George, Bruce -- thanks for the extra info, pictures and explanation.

8 postings of interest here + 1 via email + me = 10 interested parties

I'll connect with Bruce off-line, get the details, and start contacting the e-taps.com folks.
I'll post info/status here.

-- joe


----------



## kirkfranks (Feb 22, 2008)

Joe,
As a purchasing professional I would like to suggest that you might want to ask the supplier to provide pricing at higher price breaks also.  You got 10 folks interested in less than 12 hours.  You might get that number up to 20 or more in only a couple of days and the price may go down a good bit.  It is worth asking about other quantities.  What qty would it take to get down to $150.00 range?
I have assumed that you do not already have that information because I did not remember seeing it posted.  If I am wrong on that I apologize in advance.


----------



## Firefyter-emt (Feb 22, 2008)

Man would I!!  But funding does not allow it... [V]

Dan_F to answer your question, this would end the problem of the Churchill breakage, in fact if you took a Churchill kit and if this tap & die is designed on the Churchill threads, I assume that you could thread the body of a Churchill and use the cap centerband to thread onto the body and keep the look of a Churchill, but greatly improve it with a threaded body. (Edit: This was infact covered in the photos, but I missed it..)

This is a milsetone in these kit pens guys... Maybe someday I can get one myself.  Thanks to all those who worked on this to make it happen!

I am curious about the nib coupler threads though, what do you use for a tap on that? Is it a single start thread?


----------



## IPD_Mrs (Feb 22, 2008)

If there is a chance of getting the price down a bit with more buyers, then we would be interested as well.

Mike & Linda


----------



## BRobbins629 (Feb 22, 2008)

> _Originally posted by Firefyter-emt_
> 
> 
> I am curious about the nib coupler threads though, what do you use for a tap on that? Is it a single start thread?


Works with a single start 10mm x 1mm metric tap.


----------



## alamocdc (Feb 23, 2008)

Joe, I'm interested, but I need to check my funds.

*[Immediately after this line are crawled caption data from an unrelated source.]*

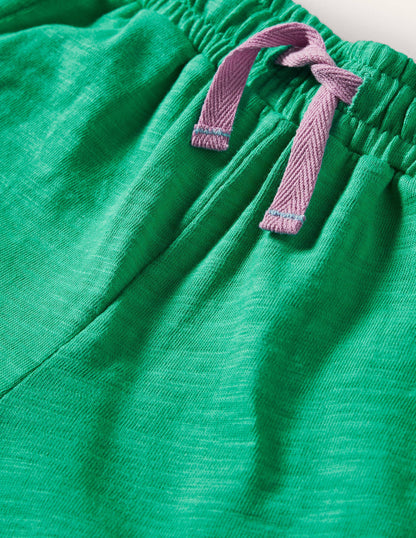 Charlie Pom Jersey Shorts-Tropical Green-3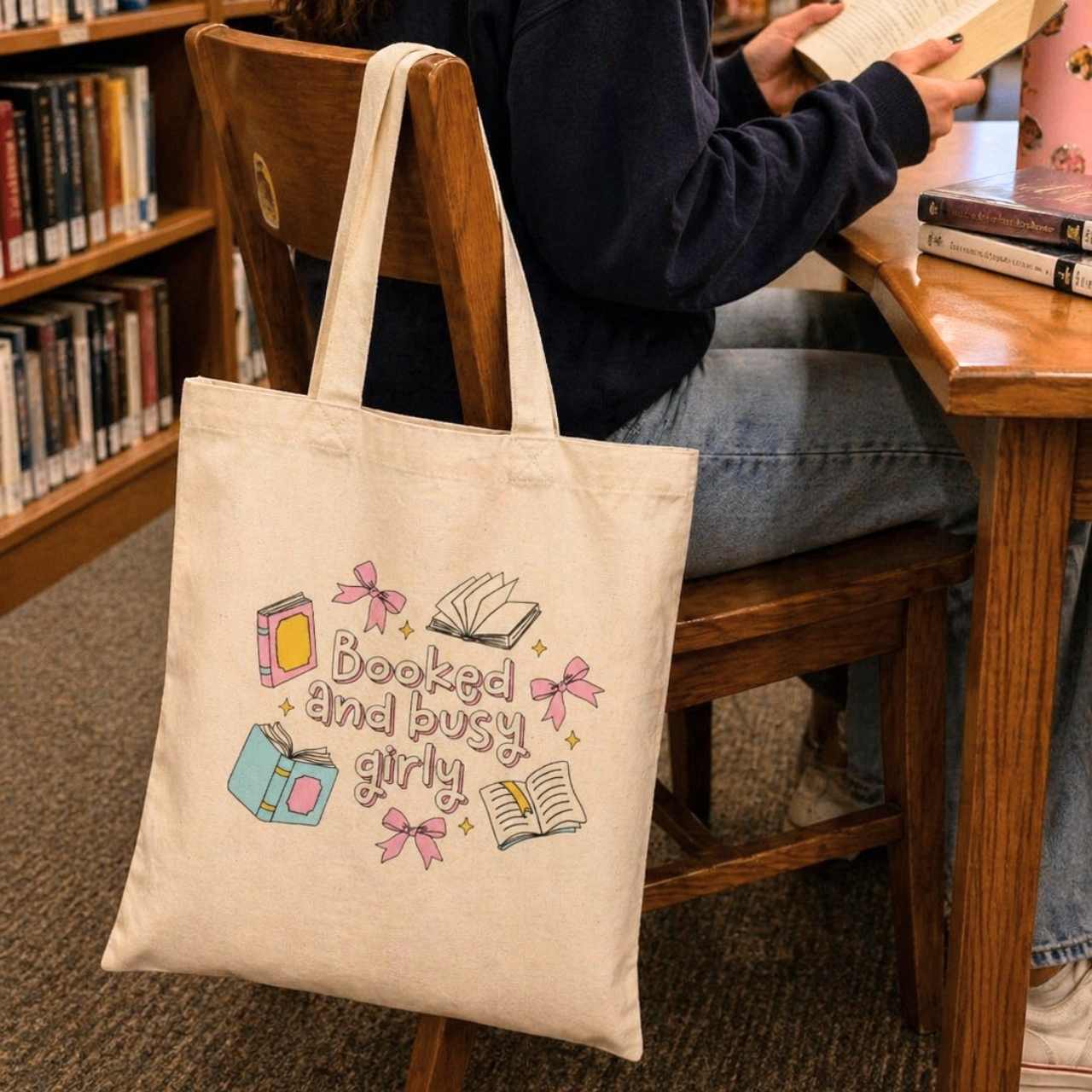 Booked & Busy Girly Tote Bag – Book Lover Canvas Tote | Gift for Readers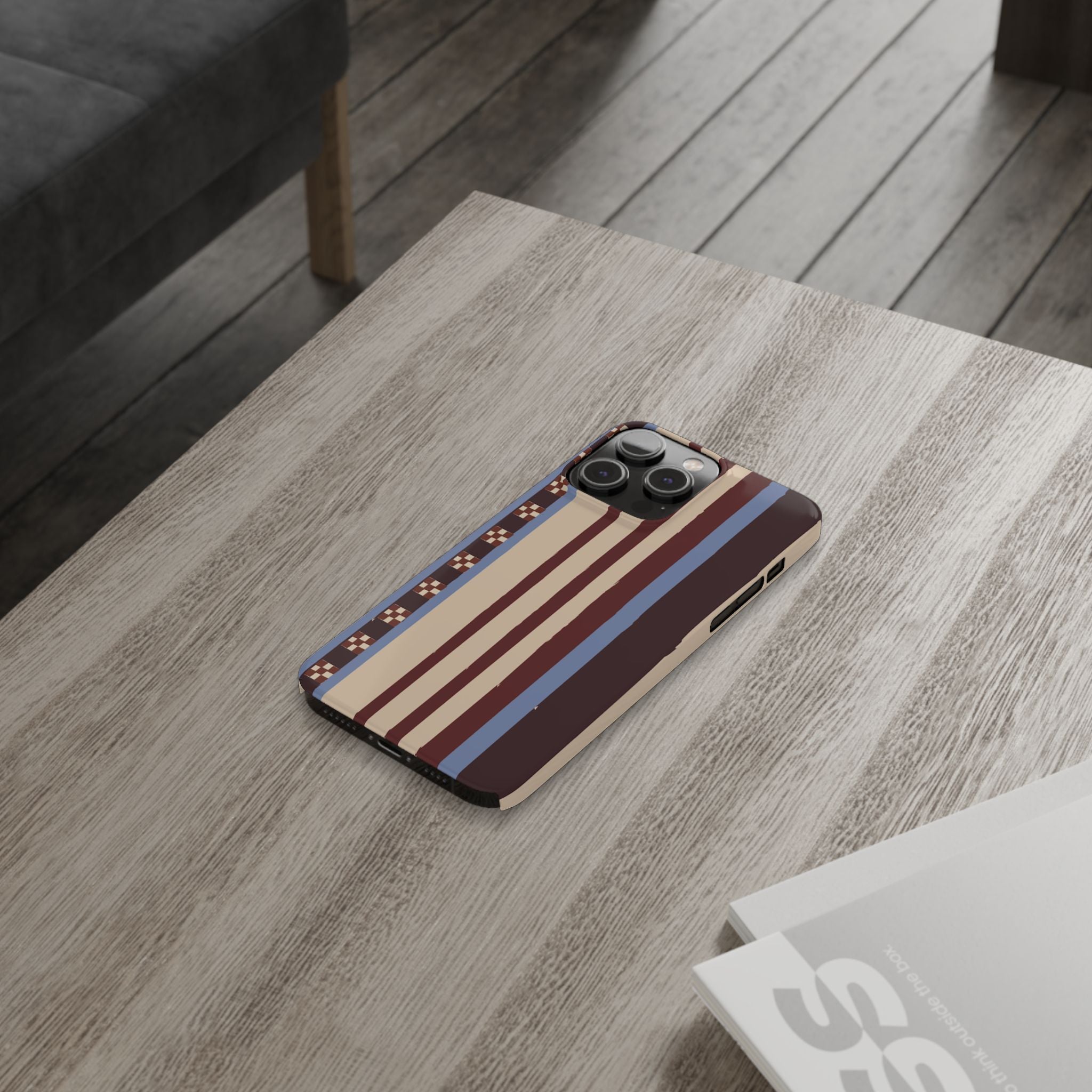 Slim Phone Case — Retro Striped Beige, Maroon & Blue Pattern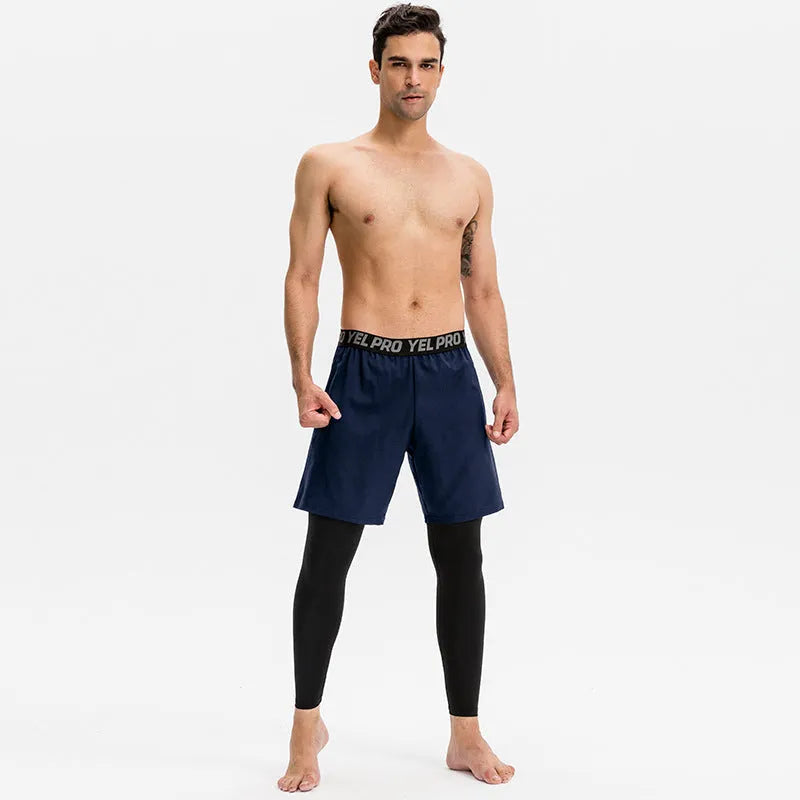 Men's quick drying high elastic tight sports pants in grey colour for fitness running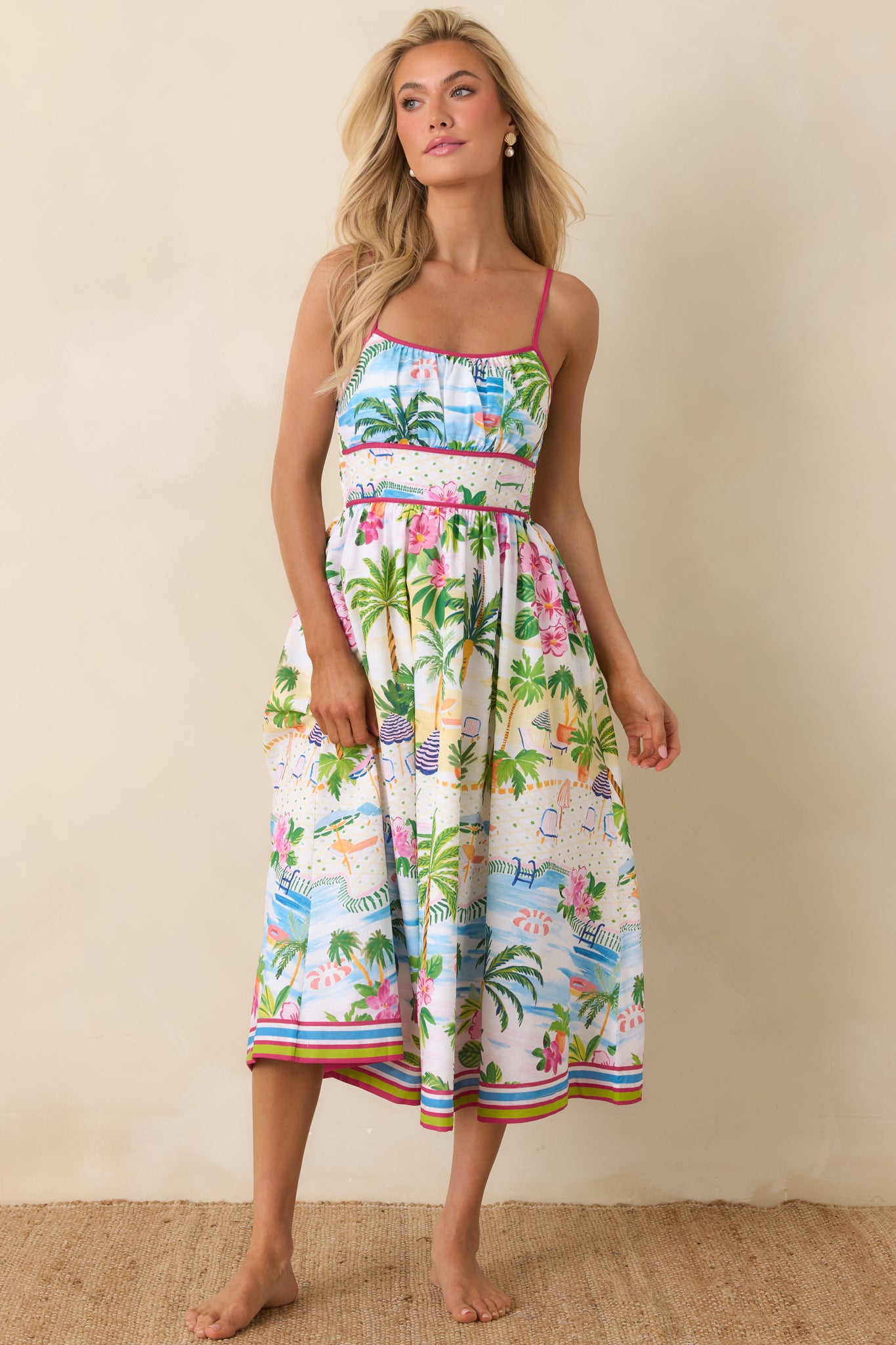 Paradisa Catalina Pink Muti Cotton Linen Poolside Print Midi Dress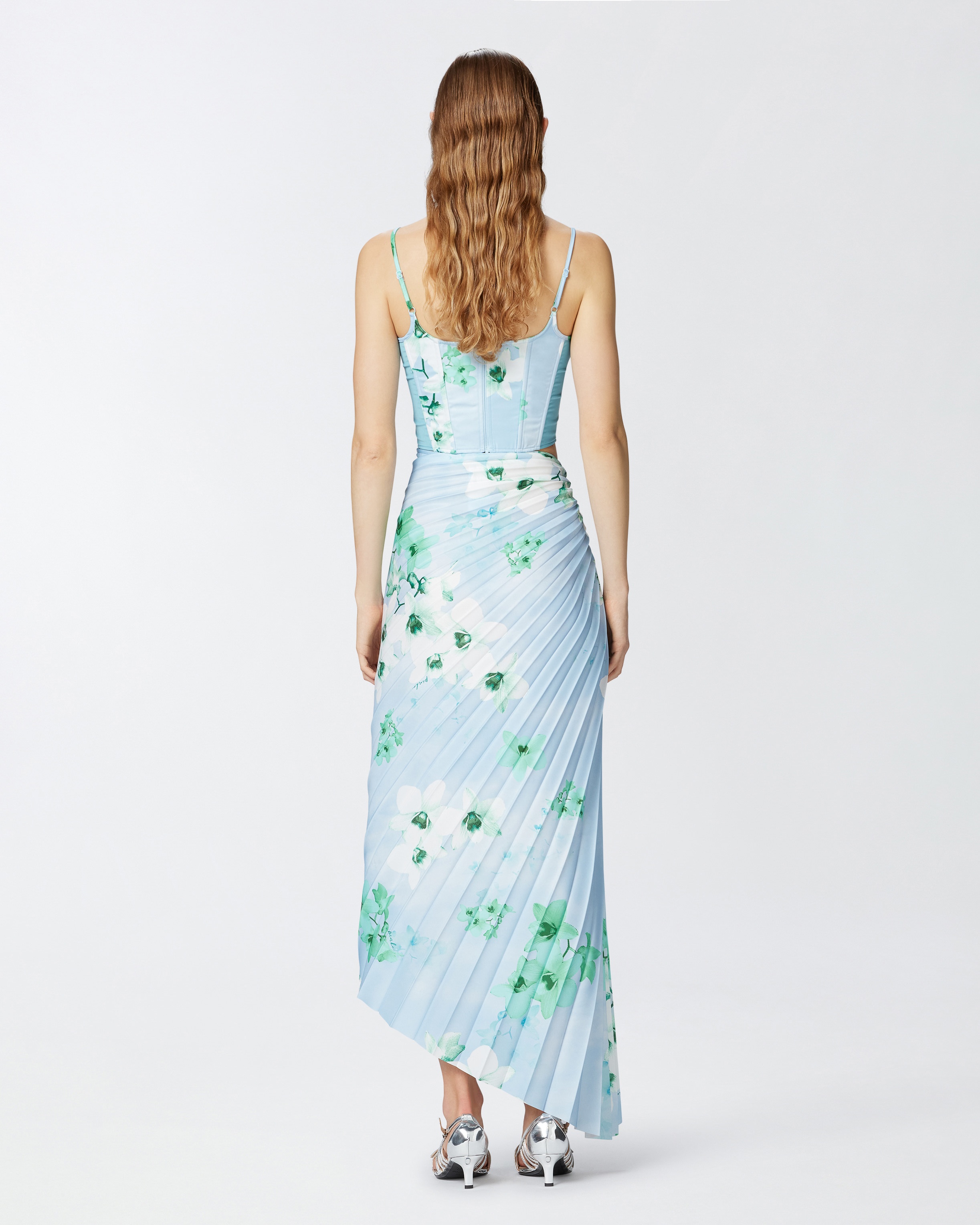 PLEATED MIDI SKIRT WITH FLORAL PRINT - 4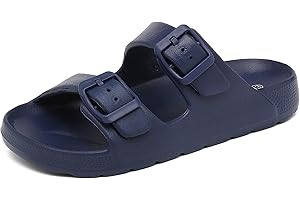INMINPIN Boys Girls Double Buckle Slide Sandals Comfort Beach Pool Shower Slippers Adjustable Indoor Outdoor Little Kid/Big Kid
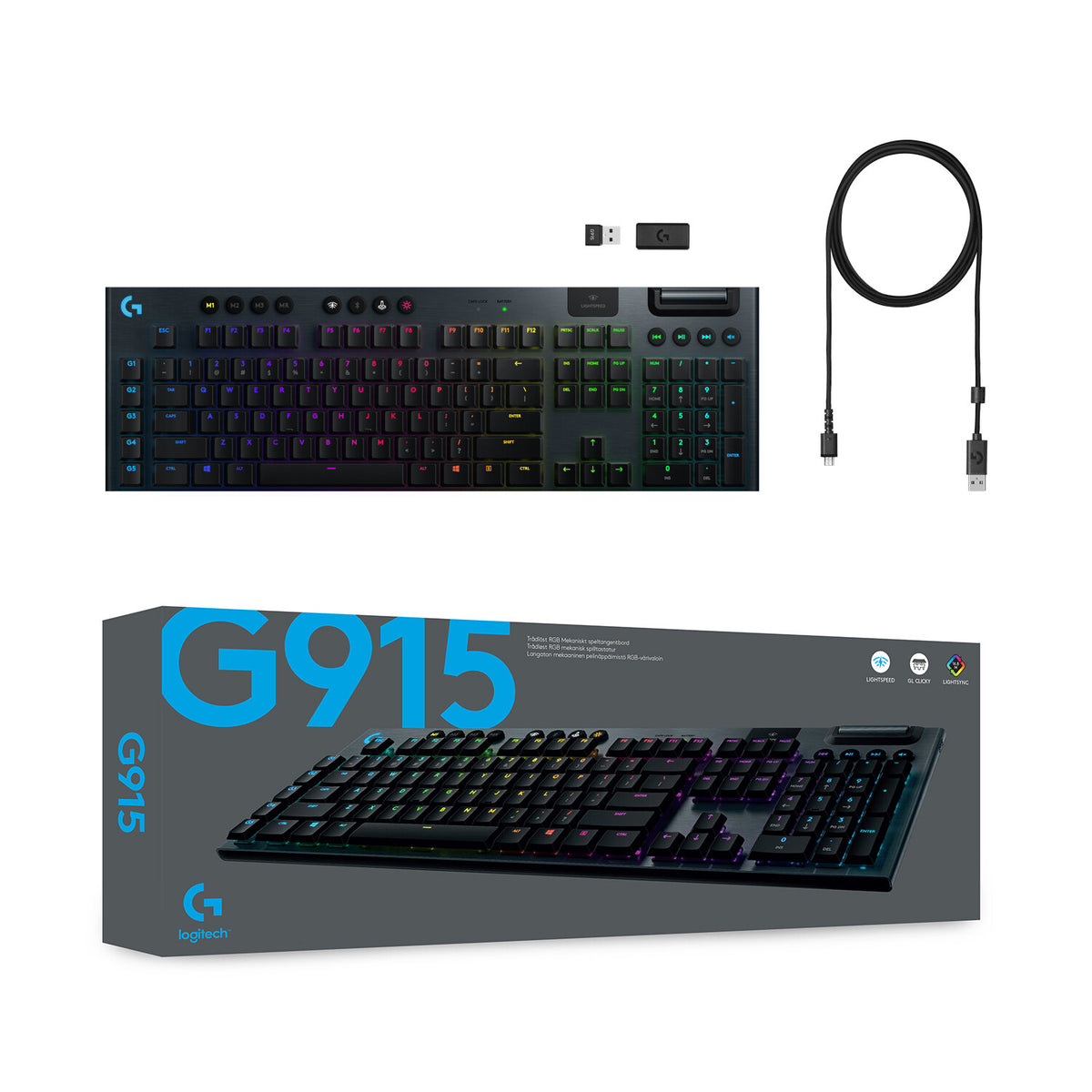 Logitech G - G915 LIGHTSPEED RGB - GL Tactile RF Wireless + Bluetooth Mechanical Gaming Keyboard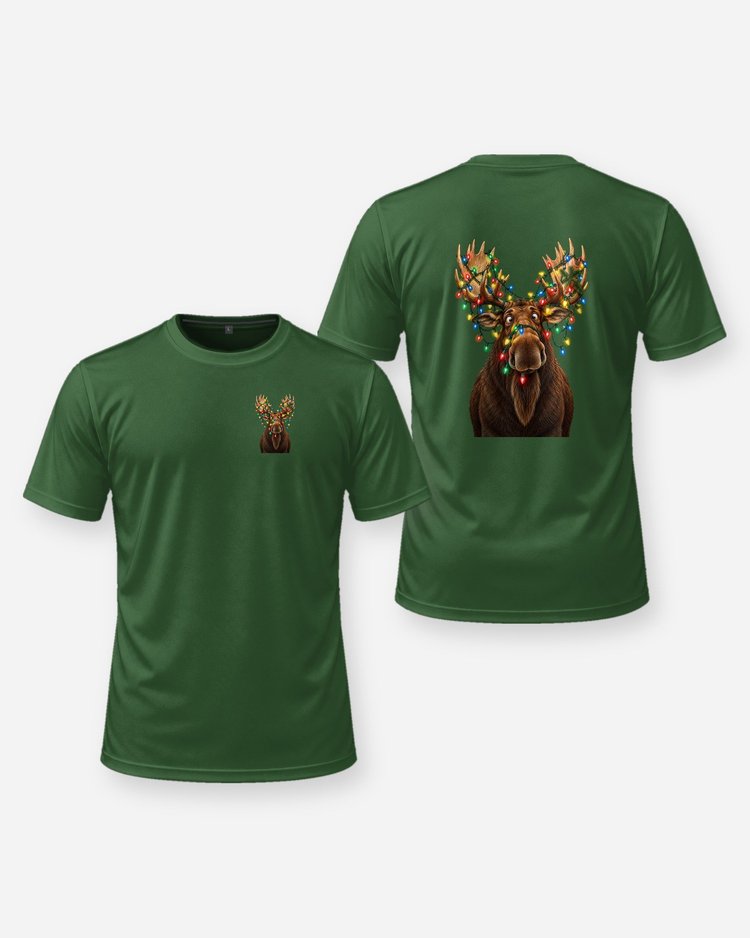 Moose Tangled In Christmas Lights Funny Hunting T-Shirt - front and back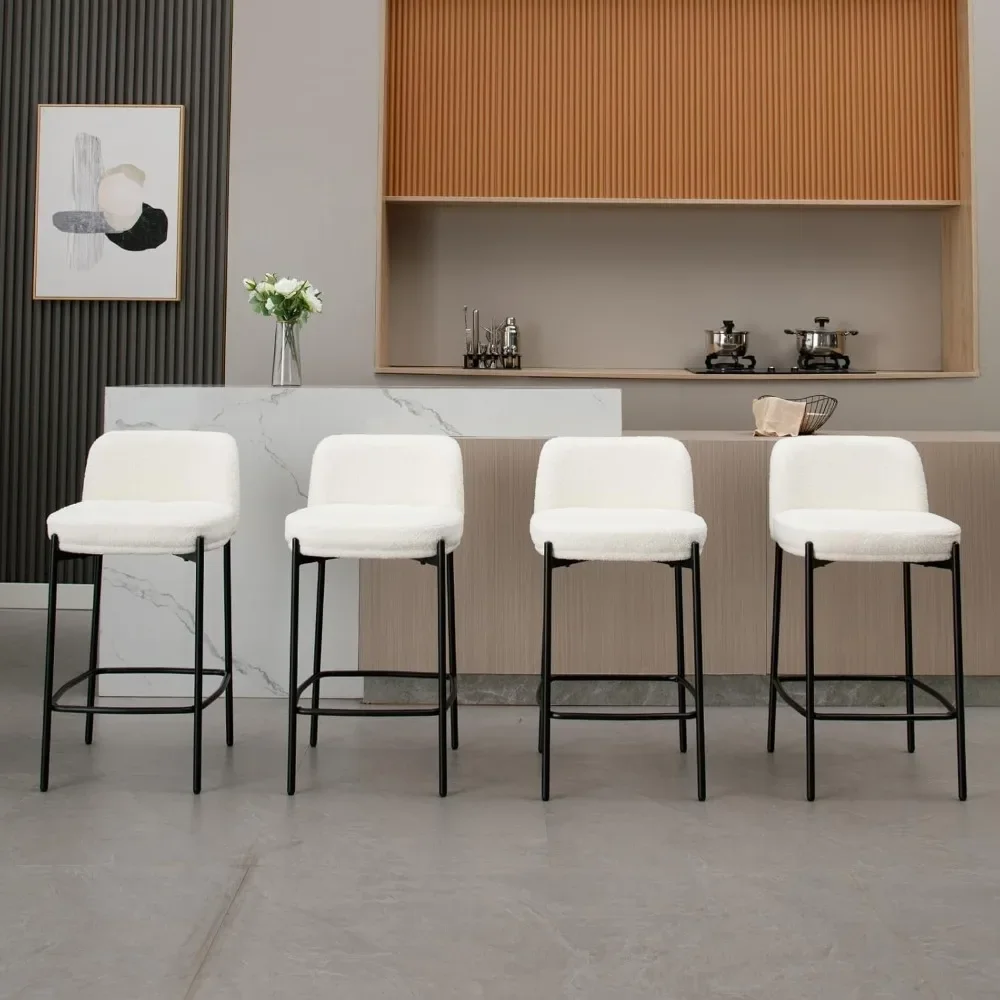 Modern White Sherpa Counter Stools with Black Metal Legs, 26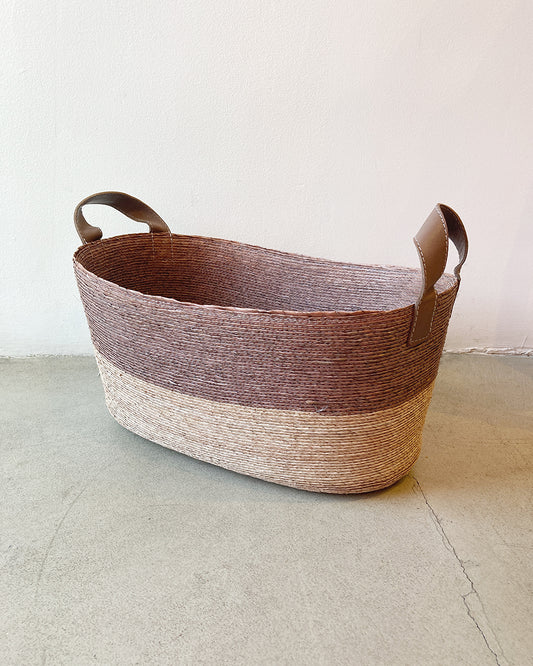 Handwoven Natural Palm Basket with Leather Handles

How long do I have?


----------



## johncrane (Feb 23, 2008)

l'm also interested.


----------



## WriteRev (Feb 23, 2008)

I'm interested if you have room for more.

Steve


----------



## bjackman (Feb 23, 2008)

I am interested as well. Hoping we might hit another price break?


----------



## Stevej72 (Feb 23, 2008)

Count me in.


----------



## jjudge (Feb 23, 2008)

*Info*
There are some folks like me ... interested, but the $200-ish price tag is scary. I can't promise, but I'll try to figure something out (e.g., break the orders into 2, but for total quantity discount, or I'll front the $$ for a month wait time; or something)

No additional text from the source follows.